Medical treatment was an additional cost this family did not have the funds for. The small US$3.33 (PHP150) amount that Aisa and Jovie saved to provide medical care for their child covered the cost of the journey to the hospital and one X-ray. Doctors diagnosed the dislocation of his elbow and explained that surgery was needed to correct the dislocation. Jovie and Aisa were despondent. They would never be able to raise the sum it would take to cure their son.

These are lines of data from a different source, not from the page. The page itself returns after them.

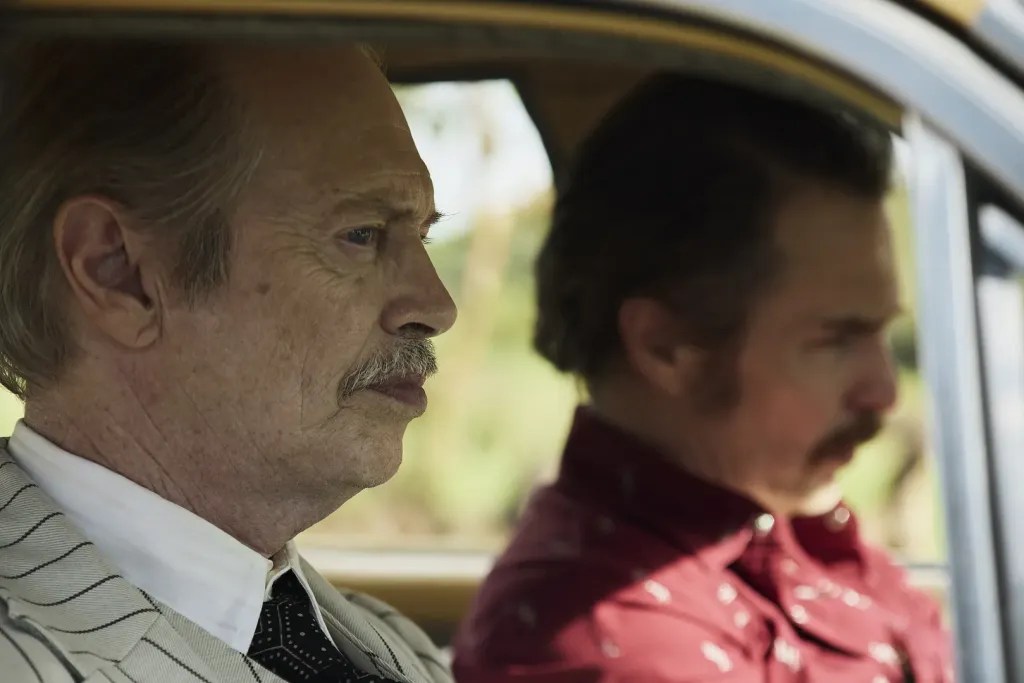 Steve Buscemi and Sam Rockwell in Wild Horse Nine (2026).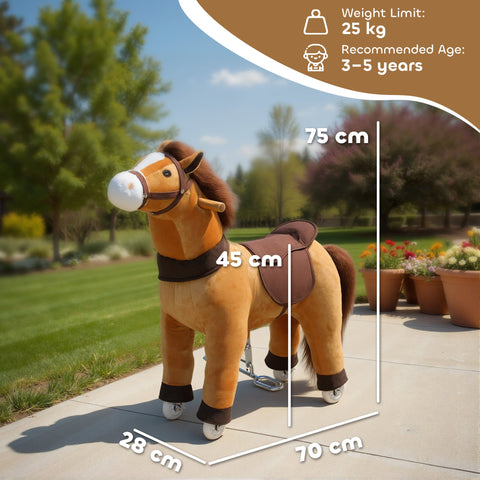AIYAPLAY Ride On Horse, Plush Walking Horse Toy with Wheels and Saddle for Ages 3-5 Years Old, Brown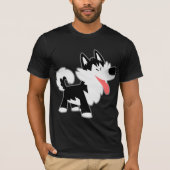 Schattige Cartoon Siberisch Husky T-shirt (Voorkant)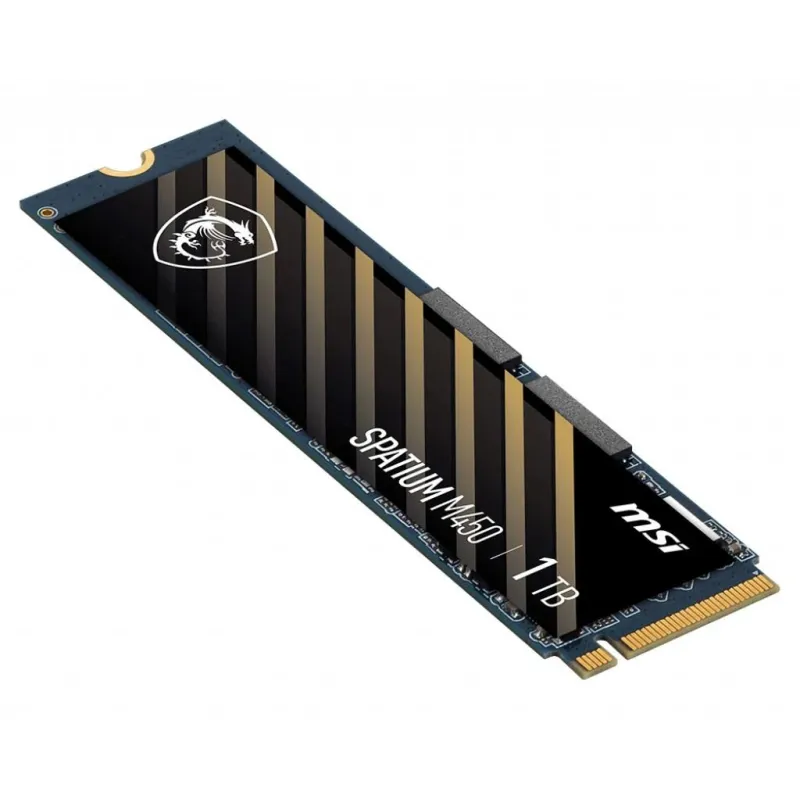 SSD-MSI-SPATIUM M450-1TB-M.2-PCIe Gen4-NVMe-3D NAND-Write speed 2400 MBytes-sec-Read speed 3400 MBytes-sec-2.15mm-TBW 350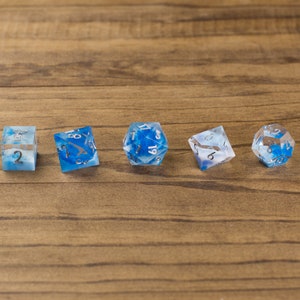 Captured Sky Sharp Handmade Dice Clear/Blue/White Resin Cast Dice Set of 7 DnD Dice Dice for Dungeons & Dragons by Wooden Golem image 8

Their pastor, an ICM program pastor, referred the family to ICM’s Special Medical Case (SMC) program. Kim-kim was accepted into the program and on October 26, 2016, Kim-kim had his corrective surgery, marking the beginning of his journey of hope. His late November follow-up visit showed good improvement. To make sure Kim-kim fully recovers, ICM also approved funds for physiotherapy sessions that will restore his arm to its proper movement and function. Kim-kim has now returned to school and is able to stretch his arms open wide – full of confidence and free of pain. In his own words:
“I’m very happy that I can now move my both arms. I am not shy anymore. After my surgery I can participate well in all of my school activities, my friends and teachers are happy seeing me doing things like what other children did. And I’m no more alone. All my old friends invite me to play. I help my mother in washing dishes on weekends and she is happy every time I help her. Thank you for your help.”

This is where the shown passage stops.